» Exercise input:
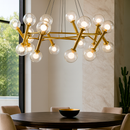 Люстра золота підвісна з оригінальним плафоном D-85 cm G9x20 Gold ASTRA 220918-100001013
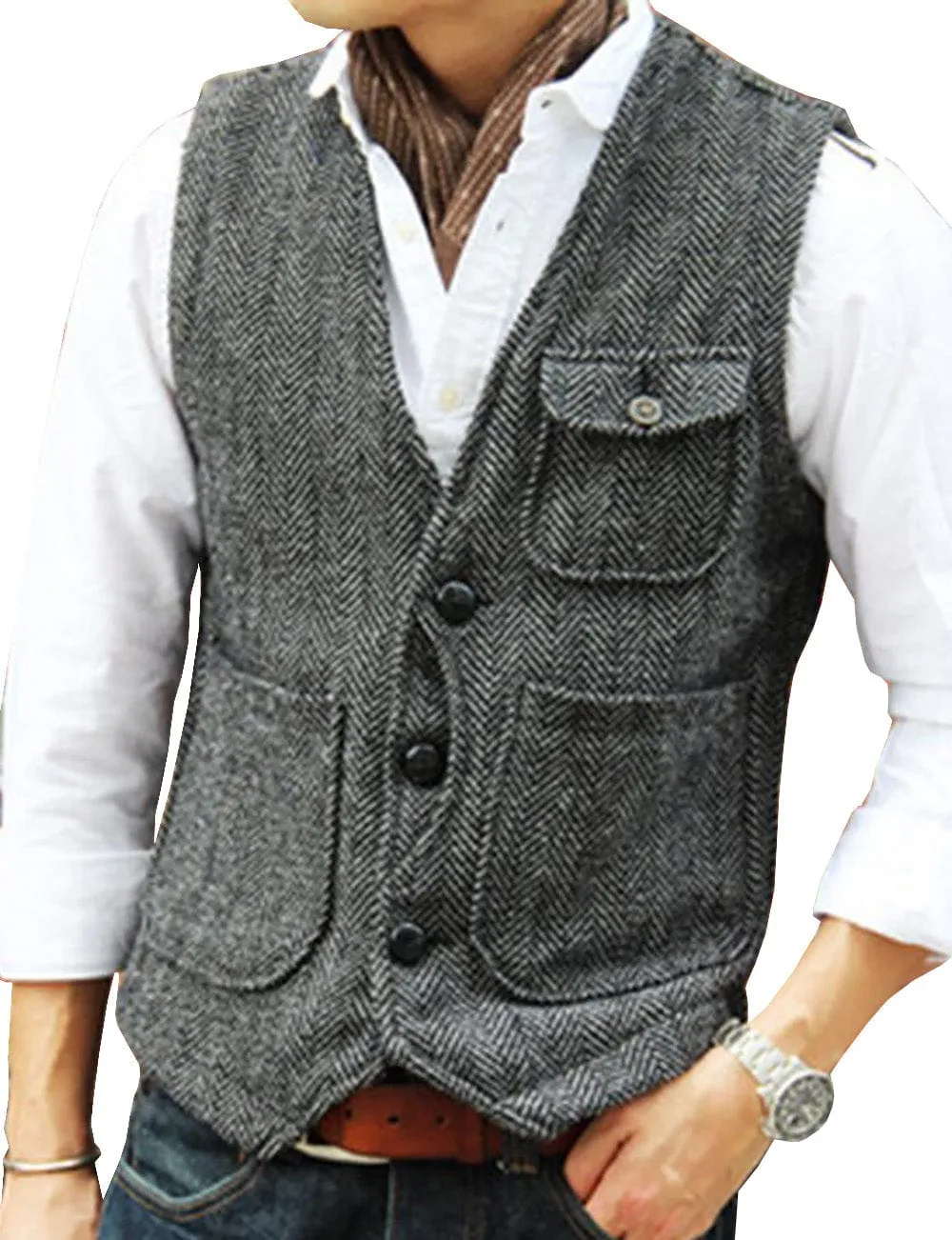 Mens Classic Tweed Herringbone Vintage V Neck Waistcoat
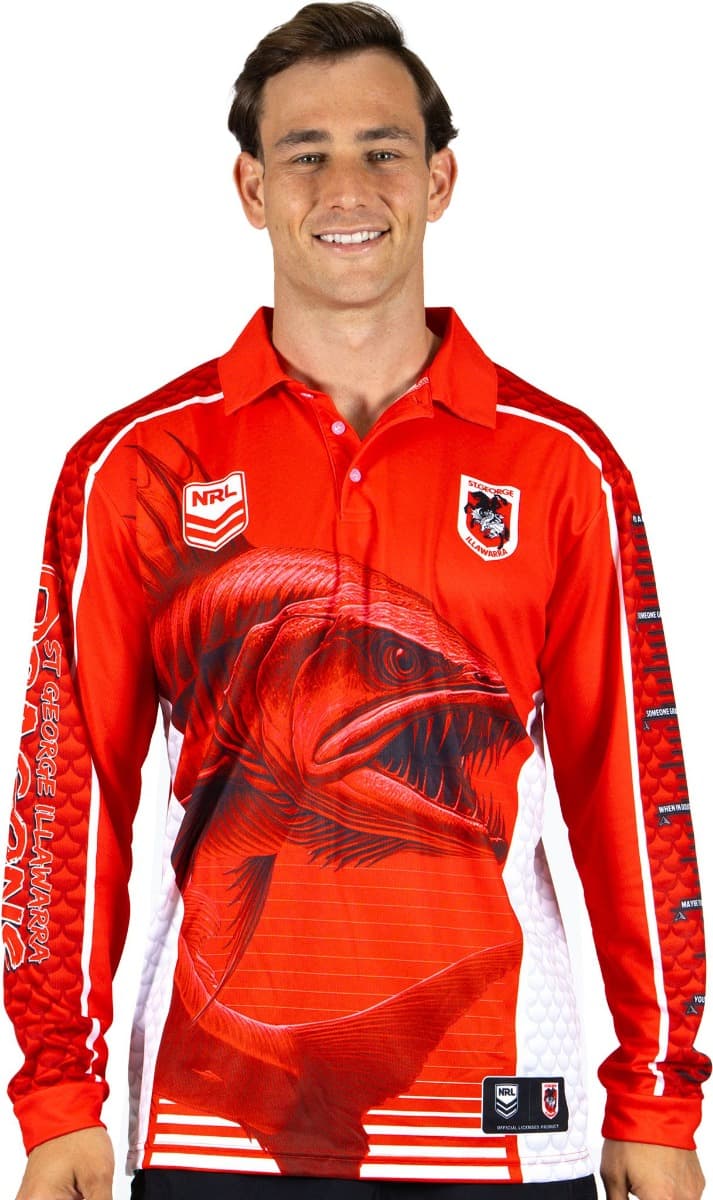 St George Dragons NRL Mens Barracuda Fishing Shirt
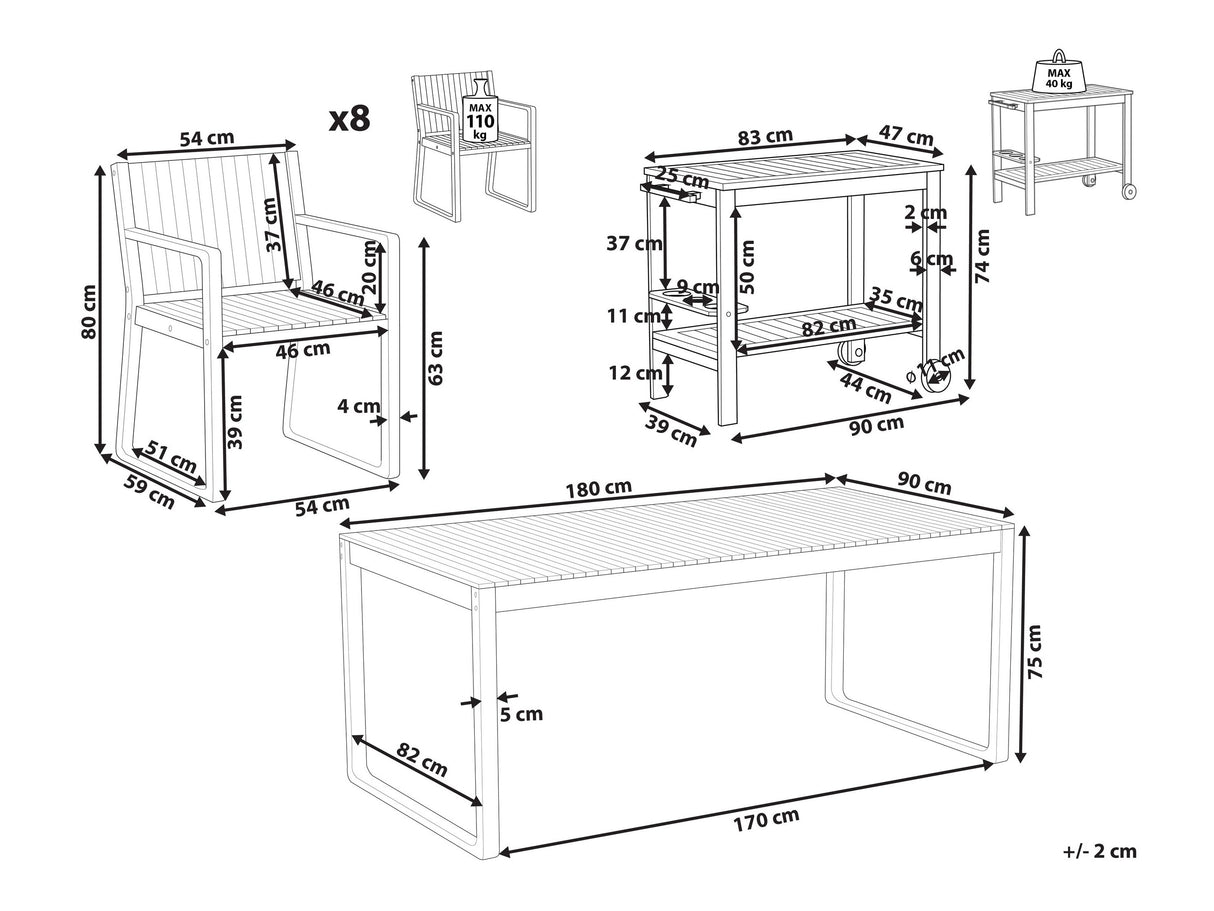 Stalo ir kėdžių komplektas 639344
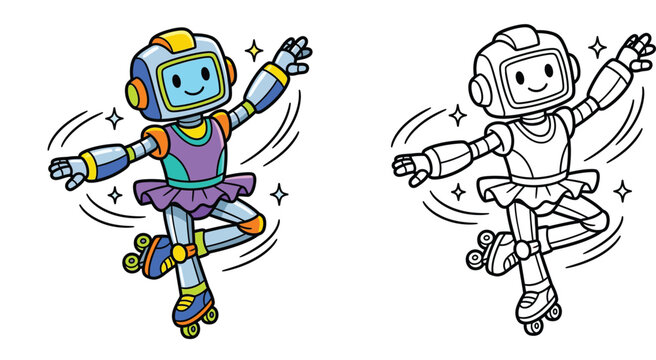 Cute robot ballerina skating on roller skates, vector cartoon illustration set, colorful character and black and white coloring page for kids, technology and dance concept, isolated background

» What to do:
Retype the lines exactly as they appear, beginning with the line that contains "Stalo ir kėdžių komplektas 639344" and ending with the final line of the entries, and omit the pictures.

» Result below:
 Stalo ir kėdžių komplektas 639344
 Cute robot ballerina skating on roller skates, vector cartoon illustration set, colorful character and black and white coloring page for kids, technology and dance concept, isolated background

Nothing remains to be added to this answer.